Upload 8-bit MLX quantization of datalab-to/chandra-ocr-2

1303930 verified about 2 months ago

3.78 kB

	---
	library_name: mlx
	license: other
	license_name: modified-openrail-m
	license_link: LICENSE
	tags:
	- ocr
	- pdf
	- markdown
	- layout
	- mlx
	- 8bit
	- quantized
	pipeline_tag: image-text-to-text
	base_model: datalab-to/chandra-ocr-2
	---

	# Chandra OCR 2 — 8-bit MLX Quantization

	This is an 8-bit MLX quantization of [datalab-to/chandra-ocr-2](https://huggingface.co/datalab-to/chandra-ocr-2), converted for efficient inference on Apple Silicon using the [mlx-vlm](https://github.com/Blaizzy/mlx-vlm) framework.

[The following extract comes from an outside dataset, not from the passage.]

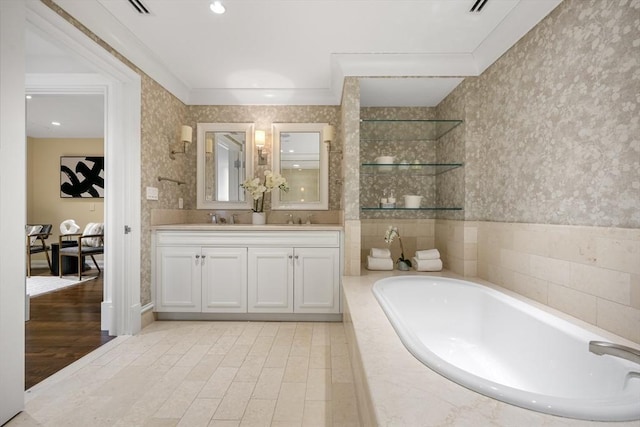 bathroom featuring double vanity, wallpapered walls, a garden tub, and a sink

	Original model: [datalab-to/chandra-ocr-2](https://huggingface.co/datalab-to/chandra-ocr-2)
	Quantization: 8-bit affine, group size 64
	Framework: MLX (Apple Silicon)
	Modified files: The weight file (`model.safetensors`) has been quantized from the original bfloat16 weights. All other files are unchanged from the original repository.

	## About Chandra OCR 2

	Chandra 2 is a state-of-the-art OCR model from [Datalab](https://www.datalab.to) that outputs markdown, HTML, and JSON. It is highly accurate at extracting text from images and PDFs while preserving layout information.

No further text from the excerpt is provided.